Signal Lost Vest is an anti-surveillance pocket and protest tool. It examines pockets as spaces for reclaiming control of our privacy. The vest contains two faraday welt pockets made from copper conductive fabric. These functional pockets prevent tracking by blocking all wireless signals to and from connected devices. When worn, the vest offers an additional layer of facial and bodily protection. The vest itself becomes a large pocket that can be taken off, zipped up, and worn as a bag to store gear or transform the wearer into an altered appearance.

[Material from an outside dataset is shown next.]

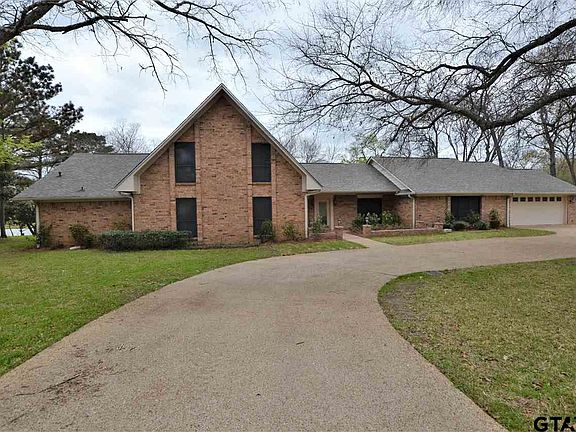 3rd image of 140 Williamsburg Ln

  • Four panel image. Each panel has a vest on a dressform with a copper fabric pocket sticking out. The last panel has the vest as a bag.

Context

Pockets are a form of individual control. There are worlds inside them, microcosms of selves, stories of lives. They allow us to carry everyday tools that take many forms: objects to manipulate the environment, mark identity, and communicate ideas. The power of pockets lies not only in their ability to convey, but also to conceal. They are vessels of privacy. The pocket’s digital counterpart is a smart phone. It has the analogous traits and aforementioned abilities, but smart phones were never designed for privacy. Apps discretely collect GPS location data and other information to sell to various groups, from political parties to police to marketers to governments. Our smart devices are insecure pockets for our data, leaking information about where we live, who we meet, and what daily activities we engage in. While one piece of data is innocuous, many pieces stitched to together reveals rich patterns of behavior. This digital pocket becomes a tool for your visibility, exposing you to commercial or political manipulation or government intimidation.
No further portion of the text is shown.